**What is being asked**
Below are some records. Return exactly their lines from the one containing "You click onto" through the one containing "Sometimes you need", and drop the pictures.

**Recorded information**

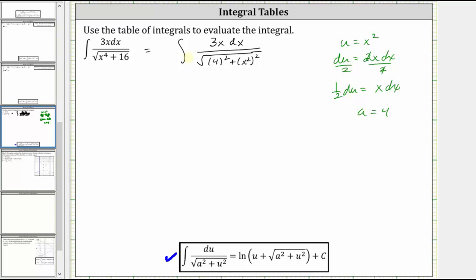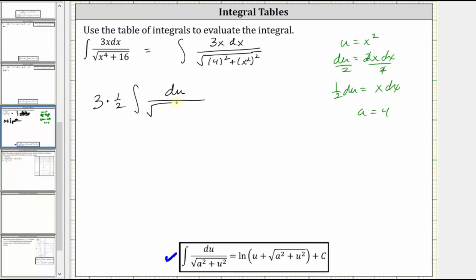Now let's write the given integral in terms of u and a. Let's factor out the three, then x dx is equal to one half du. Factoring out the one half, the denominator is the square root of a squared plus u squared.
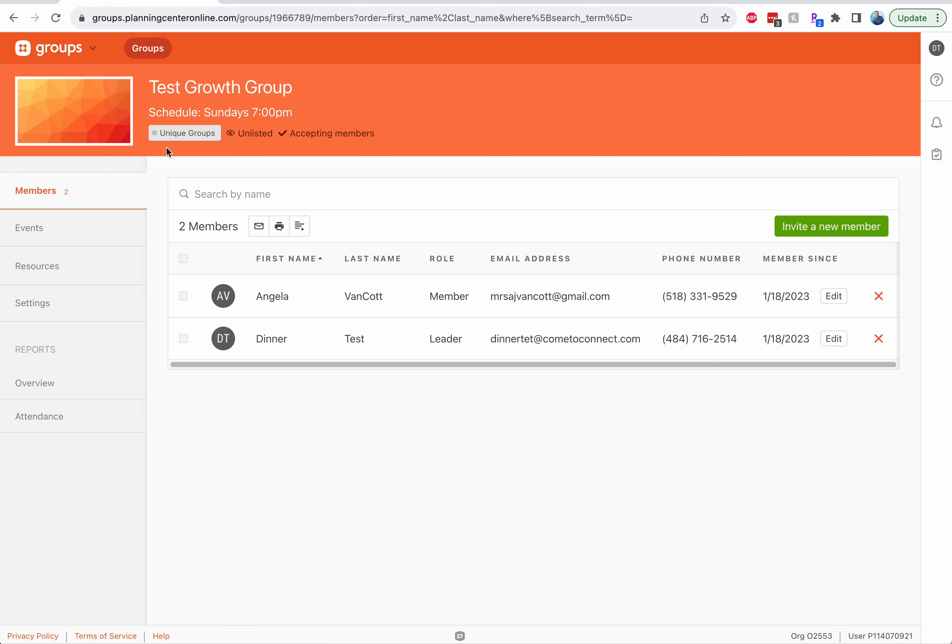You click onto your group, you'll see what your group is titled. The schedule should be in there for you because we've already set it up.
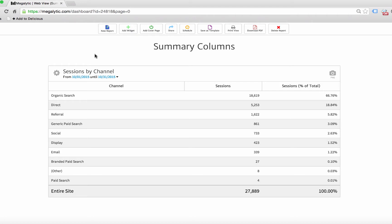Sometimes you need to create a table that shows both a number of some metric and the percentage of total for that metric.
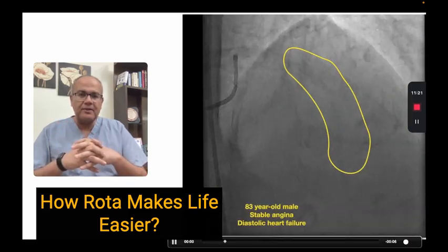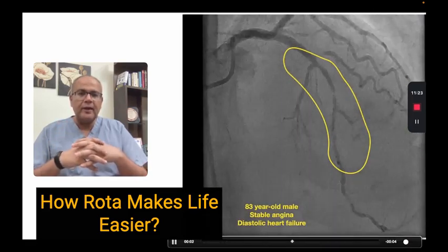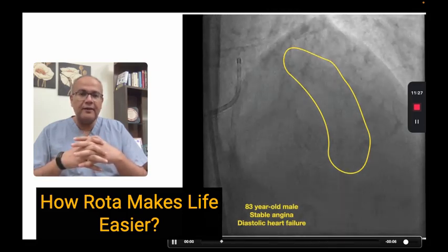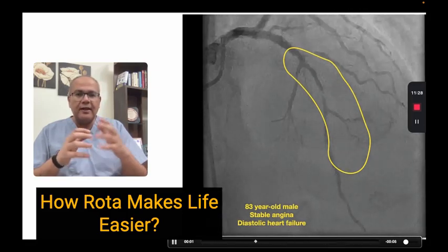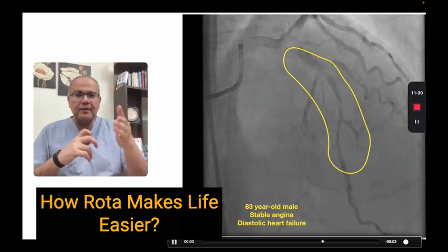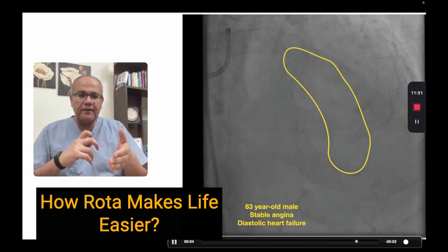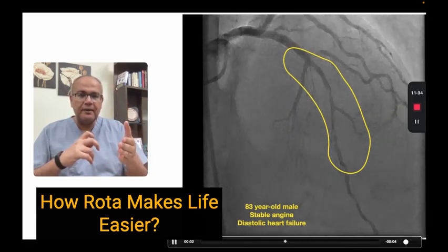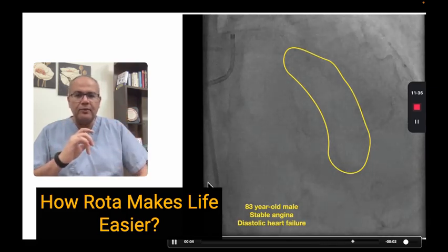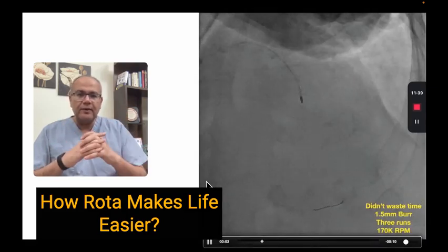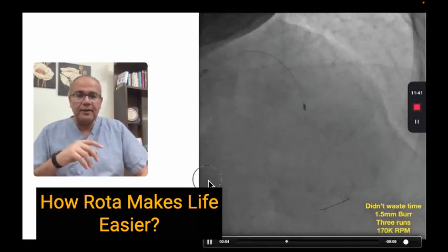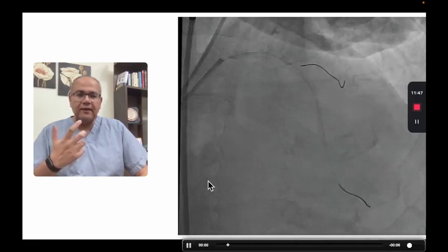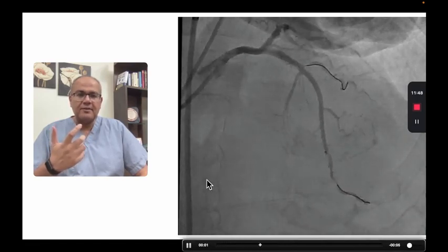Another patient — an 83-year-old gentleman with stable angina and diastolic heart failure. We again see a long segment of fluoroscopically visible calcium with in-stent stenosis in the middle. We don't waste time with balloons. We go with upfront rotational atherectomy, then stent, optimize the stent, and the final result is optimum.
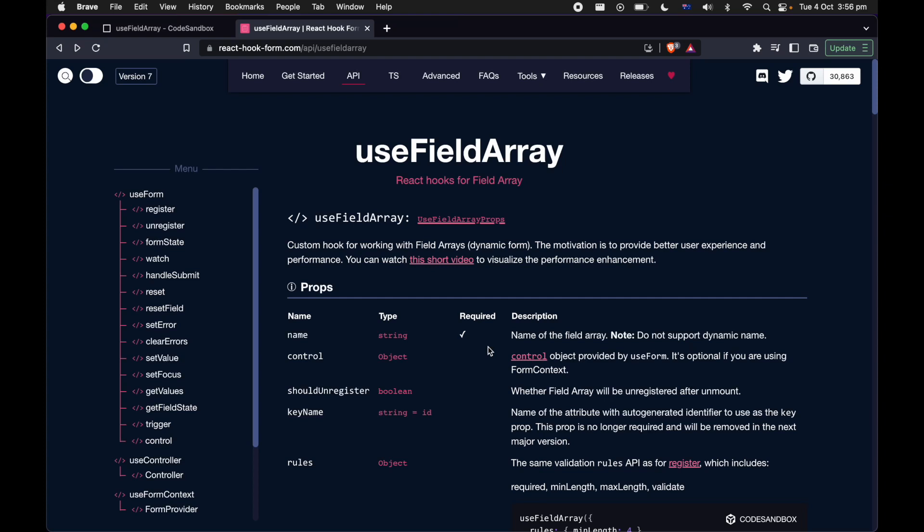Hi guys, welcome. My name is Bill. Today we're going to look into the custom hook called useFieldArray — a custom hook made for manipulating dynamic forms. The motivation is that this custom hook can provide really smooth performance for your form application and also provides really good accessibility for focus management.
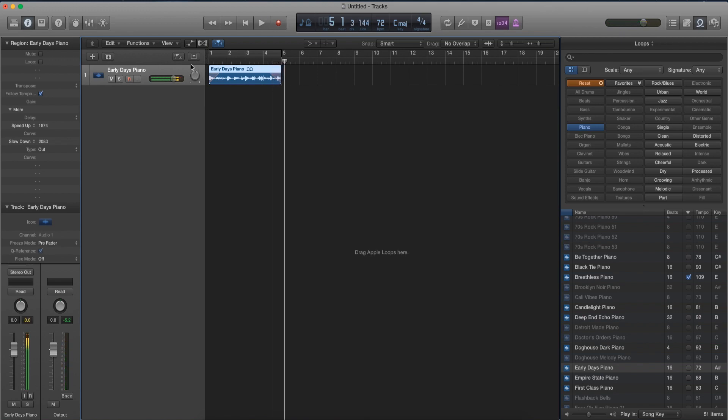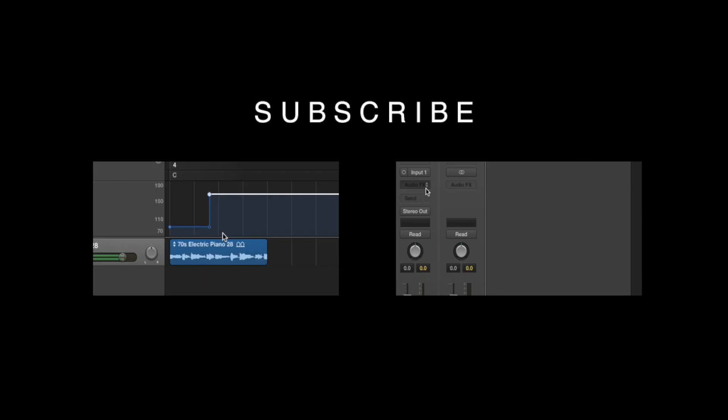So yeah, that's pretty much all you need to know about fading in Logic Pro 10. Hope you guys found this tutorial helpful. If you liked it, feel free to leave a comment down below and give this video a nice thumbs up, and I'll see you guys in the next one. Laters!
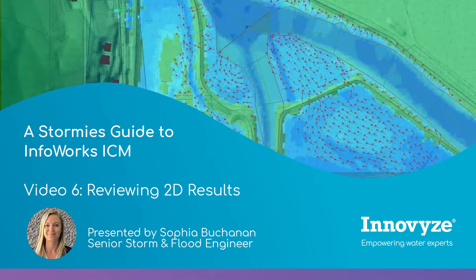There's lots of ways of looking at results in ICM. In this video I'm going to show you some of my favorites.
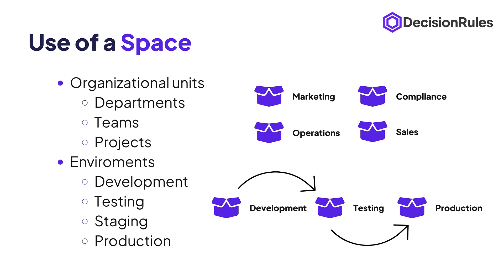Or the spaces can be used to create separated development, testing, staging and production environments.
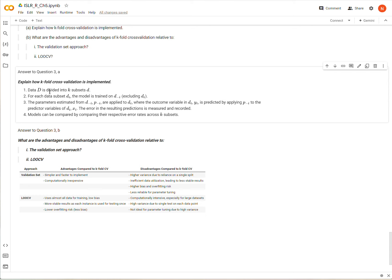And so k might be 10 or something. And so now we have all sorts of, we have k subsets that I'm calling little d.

**Result below**
You click onto your group, you'll see what your group is titled. The schedule should be in there for you because we've already set it up.
Sometimes you need to create a table that shows both a number of some metric and the percentage of total for that metric.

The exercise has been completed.